People who do what they say they'll do - the people you know you can count on - are the most highly valued employees wherever they work. Emulate them.

It's in your day-to-day interest to always come thru. This gives you the grounds to expect the same of others & after all, your commitments often depend on your co-workers' efforts.

Doing what you promise only part of the time isn't good enough. It can cost you your credibility. So be conservative w/your promises. I once presented an exceptional job opportunity to an architect. She was happily employed & not looking, but after lengthy discussions she decided that the new opportunity was indeed for her.

Her interviews resulted in an offer. She accepted, but upon turning in her resignation, she received a counteroffer which she also accepted despite our vigorous counseling that counteroffers are recipes for disaster.

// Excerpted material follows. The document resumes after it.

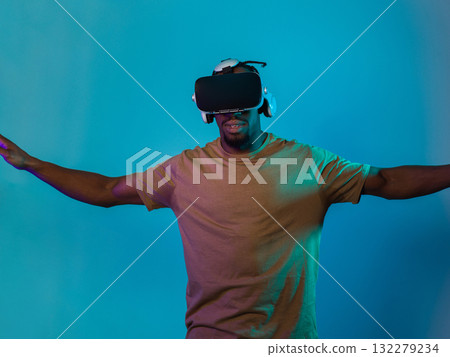 African American man dons VR glasses, engrossed in a virtual reality simulation, gesturing with hands, against a striking blue background, highlighting the fusion of cutting-edge technology and 132279234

Within 6 months, her old firm had replaced her as overpriced & disloyal. The firm that courted her 6 months before shunned her as untrustworthy. She had accepted their offer once & gone back on her word. Don't you make such mistakes.

Punctuality shows respect

"80% of life is showing up."

Woody Allen

People like to be treated with respect & in business, punctuality is more than good manners. It's a clear way to demonstrate good faith. By meeting your time commitments, you build belief that your other promises & contracts are trustworthy.

Try not to make time commitments you can't keep. If you'll be late, call beforehand to re-schedule. I've seen good jobs lost because the candidate ignored this simple courtesy.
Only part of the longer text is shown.